In this case, however, there is an argument that the public statements issued on behalf of Officer Mattingly would make him a public figure under  Gertz v. Robert Welch, Inc., 418 U.S. 323, 352 (1974) and its progeny of cases.  The Supreme Court has held that public figure status applies when  someone “thrust[s] himself into the vortex of [the] public issue [and] engage[s] the public’s attention in an attempt to influence its outcome.” A limited-purpose public figure status applies if someone voluntarily “draw[s] attention to himself” or allows himself to become part of a controversy “as a fulcrum to create public discussion.” Wolston v. Reader’s Digest Association, 443 U.S. 157, 168 (1979).

That still leaves us with the question of what is permitted commentary, including opinion, in a major matter of public debate. The Supreme Court dealt with such an overheated council meeting in Greenbelt Cooperative Publishing Association v. Bresler, 398 U.S. 6 (1970), in which a newspaper was sued for using the word “blackmail” in connection to a real estate developer who was negotiating with the Greenbelt City Council to obtain zoning variances. The Court applied the actual malice standard and noted:

It is simply impossible to believe that a reader who reached the word “blackmail” in either article would not have understood exactly what was meant: It was Bresler’s public and wholly legal negotiating proposals that were being criticized. No reader could have thought that either the speakers at the meetings or the newspaper articles reporting their words were charging Bresler with the commission of a criminal offense. On the contrary, even the most careless reader must have perceived that the word was no more than rhetorical hyperbole, a vigorous epithet used by those who considered Bresler’s negotiating position extremely unreasonable.

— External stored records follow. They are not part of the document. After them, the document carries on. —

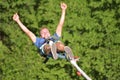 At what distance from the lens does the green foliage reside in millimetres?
23406

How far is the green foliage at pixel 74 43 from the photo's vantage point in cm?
2341

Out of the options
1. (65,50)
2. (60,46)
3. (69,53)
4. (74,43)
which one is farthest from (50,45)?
(74,43)

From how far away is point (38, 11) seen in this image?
25.0 m

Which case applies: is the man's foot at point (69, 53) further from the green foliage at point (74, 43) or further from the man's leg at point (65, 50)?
the green foliage at point (74, 43)

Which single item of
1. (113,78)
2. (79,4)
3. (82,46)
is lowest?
(113,78)

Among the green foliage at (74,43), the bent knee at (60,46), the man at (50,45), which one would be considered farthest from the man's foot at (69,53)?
the green foliage at (74,43)

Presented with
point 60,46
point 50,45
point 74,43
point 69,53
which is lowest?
point 69,53

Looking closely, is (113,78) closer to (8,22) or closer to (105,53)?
(105,53)

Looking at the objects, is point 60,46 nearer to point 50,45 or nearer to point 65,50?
point 65,50

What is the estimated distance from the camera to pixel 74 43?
2406cm

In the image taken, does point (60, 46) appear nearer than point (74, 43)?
Yes

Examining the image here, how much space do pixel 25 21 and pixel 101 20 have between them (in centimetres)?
362

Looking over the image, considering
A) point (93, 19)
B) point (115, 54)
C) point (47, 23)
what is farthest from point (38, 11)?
point (115, 54)

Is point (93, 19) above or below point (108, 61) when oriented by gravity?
above
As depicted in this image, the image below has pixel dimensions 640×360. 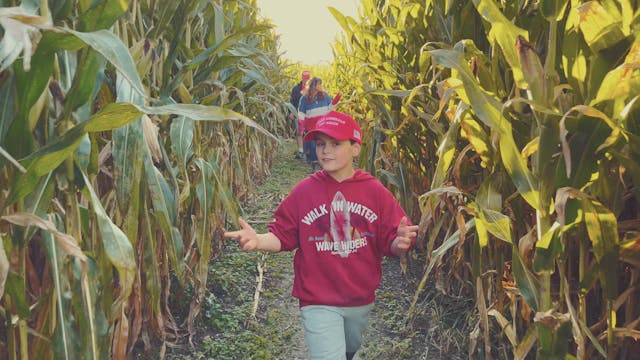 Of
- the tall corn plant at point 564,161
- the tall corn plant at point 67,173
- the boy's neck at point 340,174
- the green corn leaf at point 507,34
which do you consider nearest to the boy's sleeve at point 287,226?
the boy's neck at point 340,174

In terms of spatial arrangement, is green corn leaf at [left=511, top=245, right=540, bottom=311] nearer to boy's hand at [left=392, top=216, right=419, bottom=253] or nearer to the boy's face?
boy's hand at [left=392, top=216, right=419, bottom=253]

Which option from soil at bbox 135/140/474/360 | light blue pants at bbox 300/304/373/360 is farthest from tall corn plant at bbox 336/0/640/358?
soil at bbox 135/140/474/360

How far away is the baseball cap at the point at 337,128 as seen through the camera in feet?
6.34

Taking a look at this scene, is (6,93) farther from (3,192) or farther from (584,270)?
(584,270)

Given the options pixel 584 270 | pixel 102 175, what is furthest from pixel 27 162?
pixel 584 270

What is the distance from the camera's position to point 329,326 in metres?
1.90

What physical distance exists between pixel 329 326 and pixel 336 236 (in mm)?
296

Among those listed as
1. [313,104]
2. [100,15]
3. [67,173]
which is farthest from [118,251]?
[313,104]

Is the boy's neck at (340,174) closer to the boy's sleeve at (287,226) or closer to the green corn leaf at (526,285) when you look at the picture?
the boy's sleeve at (287,226)

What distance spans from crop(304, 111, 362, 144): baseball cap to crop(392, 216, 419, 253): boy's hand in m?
0.33

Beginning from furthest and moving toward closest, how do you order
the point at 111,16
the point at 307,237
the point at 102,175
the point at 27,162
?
the point at 307,237
the point at 102,175
the point at 111,16
the point at 27,162

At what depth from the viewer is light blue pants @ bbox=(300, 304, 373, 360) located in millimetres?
1873

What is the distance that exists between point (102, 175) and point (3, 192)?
689mm

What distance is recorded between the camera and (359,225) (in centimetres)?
200
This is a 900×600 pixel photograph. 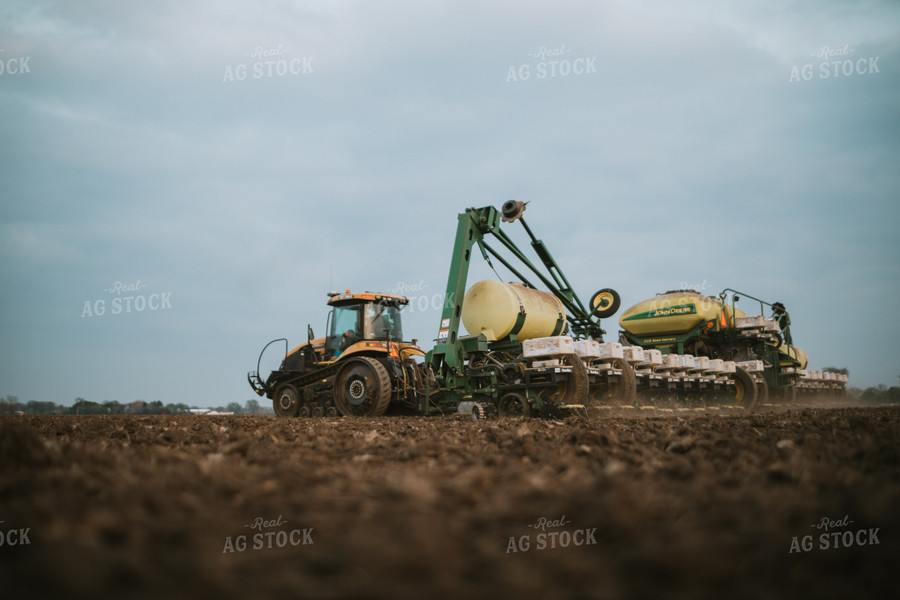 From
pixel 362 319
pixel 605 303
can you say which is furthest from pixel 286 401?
pixel 605 303

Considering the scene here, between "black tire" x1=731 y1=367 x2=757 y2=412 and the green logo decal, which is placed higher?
the green logo decal

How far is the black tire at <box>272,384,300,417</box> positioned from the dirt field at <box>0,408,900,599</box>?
1096 centimetres

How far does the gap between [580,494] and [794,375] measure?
54.8 ft

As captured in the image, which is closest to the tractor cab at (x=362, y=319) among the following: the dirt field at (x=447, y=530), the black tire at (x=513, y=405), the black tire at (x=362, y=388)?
the black tire at (x=362, y=388)

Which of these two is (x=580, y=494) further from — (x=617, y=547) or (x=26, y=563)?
(x=26, y=563)

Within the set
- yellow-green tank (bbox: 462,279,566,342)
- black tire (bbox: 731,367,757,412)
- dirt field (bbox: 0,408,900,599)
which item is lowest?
black tire (bbox: 731,367,757,412)

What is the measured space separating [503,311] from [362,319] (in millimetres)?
3347

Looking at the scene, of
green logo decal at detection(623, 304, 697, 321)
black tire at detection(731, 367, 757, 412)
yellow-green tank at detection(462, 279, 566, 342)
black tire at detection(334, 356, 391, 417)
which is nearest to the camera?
yellow-green tank at detection(462, 279, 566, 342)

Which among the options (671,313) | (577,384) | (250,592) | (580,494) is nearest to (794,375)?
Answer: (671,313)

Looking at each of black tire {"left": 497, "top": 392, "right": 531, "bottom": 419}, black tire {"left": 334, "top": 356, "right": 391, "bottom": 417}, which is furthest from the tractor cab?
black tire {"left": 497, "top": 392, "right": 531, "bottom": 419}

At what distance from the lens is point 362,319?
41.7ft

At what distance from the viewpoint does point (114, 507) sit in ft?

Of course, calling someone repeatedly a murderer is more than simply “rhetorical hyperbole.” However, it is also part of a public debate that is heavily laden with protected political speech.

Any news organization calling Mattingly a “murderer” as a statement of fact would be risking a defamation action.  Context is everything. This is a highly charged environment where terms like “murder” are often used in the context of protests over systemic racism and police abuse.  However, it is also being used in the specific context of a criminal charge.  Many believe that this did meet the standard of murder and that is a protected opinion of the underlying criminal code and facts in this case. A court, like this Grand Jury, may disagree, but it is an opinion on a matter of intense public debate.

It is hard to see an actionable case in this context, though again news account stating that this was murder as a fact could raise a cognizable claim.  I am however skeptical in finding a case that was not heavily laden with opinion on the elements of crime or the proper interpretation of this case.